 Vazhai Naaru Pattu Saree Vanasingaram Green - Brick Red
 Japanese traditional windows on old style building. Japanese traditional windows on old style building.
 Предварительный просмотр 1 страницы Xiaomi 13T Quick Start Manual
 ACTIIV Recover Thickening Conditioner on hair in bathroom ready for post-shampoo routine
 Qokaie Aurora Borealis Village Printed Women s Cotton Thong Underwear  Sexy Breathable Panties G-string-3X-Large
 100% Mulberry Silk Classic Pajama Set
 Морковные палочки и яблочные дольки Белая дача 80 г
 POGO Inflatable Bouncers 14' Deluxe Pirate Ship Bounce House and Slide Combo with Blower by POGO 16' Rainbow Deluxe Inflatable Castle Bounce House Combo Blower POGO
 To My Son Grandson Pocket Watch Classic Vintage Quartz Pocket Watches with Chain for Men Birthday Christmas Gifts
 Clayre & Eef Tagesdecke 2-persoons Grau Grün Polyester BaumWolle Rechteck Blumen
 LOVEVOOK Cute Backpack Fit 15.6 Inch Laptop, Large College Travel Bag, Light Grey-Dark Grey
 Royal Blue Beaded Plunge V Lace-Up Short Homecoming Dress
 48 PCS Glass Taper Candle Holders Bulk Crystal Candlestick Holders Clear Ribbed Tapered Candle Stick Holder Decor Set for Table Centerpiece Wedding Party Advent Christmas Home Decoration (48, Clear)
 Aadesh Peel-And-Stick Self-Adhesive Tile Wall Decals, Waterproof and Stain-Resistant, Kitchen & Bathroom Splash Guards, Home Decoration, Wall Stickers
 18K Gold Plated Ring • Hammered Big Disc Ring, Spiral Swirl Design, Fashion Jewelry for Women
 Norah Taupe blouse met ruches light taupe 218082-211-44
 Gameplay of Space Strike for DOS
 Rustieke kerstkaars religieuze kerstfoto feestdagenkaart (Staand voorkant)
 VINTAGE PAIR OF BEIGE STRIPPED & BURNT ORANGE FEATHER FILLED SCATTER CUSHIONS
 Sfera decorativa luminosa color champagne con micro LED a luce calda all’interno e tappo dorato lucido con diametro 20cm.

What is needed
Would you please give all of the records again exactly as they stand?

Output for this task
 Vazhai Naaru Pattu Saree Vanasingaram Green - Brick Red
 Japanese traditional windows on old style building. Japanese traditional windows on old style building.
 Предварительный просмотр 1 страницы Xiaomi 13T Quick Start Manual
 ACTIIV Recover Thickening Conditioner on hair in bathroom ready for post-shampoo routine
 Qokaie Aurora Borealis Village Printed Women s Cotton Thong Underwear  Sexy Breathable Panties G-string-3X-Large
 100% Mulberry Silk Classic Pajama Set
 Морковные палочки и яблочные дольки Белая дача 80 г
 POGO Inflatable Bouncers 14' Deluxe Pirate Ship Bounce House and Slide Combo with Blower by POGO 16' Rainbow Deluxe Inflatable Castle Bounce House Combo Blower POGO
 To My Son Grandson Pocket Watch Classic Vintage Quartz Pocket Watches with Chain for Men Birthday Christmas Gifts
 Clayre & Eef Tagesdecke 2-persoons Grau Grün Polyester BaumWolle Rechteck Blumen
 LOVEVOOK Cute Backpack Fit 15.6 Inch Laptop, Large College Travel Bag, Light Grey-Dark Grey
 Royal Blue Beaded Plunge V Lace-Up Short Homecoming Dress
 48 PCS Glass Taper Candle Holders Bulk Crystal Candlestick Holders Clear Ribbed Tapered Candle Stick Holder Decor Set for Table Centerpiece Wedding Party Advent Christmas Home Decoration (48, Clear)
 Aadesh Peel-And-Stick Self-Adhesive Tile Wall Decals, Waterproof and Stain-Resistant, Kitchen & Bathroom Splash Guards, Home Decoration, Wall Stickers
 18K Gold Plated Ring • Hammered Big Disc Ring, Spiral Swirl Design, Fashion Jewelry for Women
 Norah Taupe blouse met ruches light taupe 218082-211-44
 Gameplay of Space Strike for DOS
 Rustieke kerstkaars religieuze kerstfoto feestdagenkaart (Staand voorkant)
 VINTAGE PAIR OF BEIGE STRIPPED & BURNT ORANGE FEATHER FILLED SCATTER CUSHIONS
 Sfera decorativa luminosa color champagne con micro LED a luce calda all’interno e tappo dorato lucido con diametro 20cm.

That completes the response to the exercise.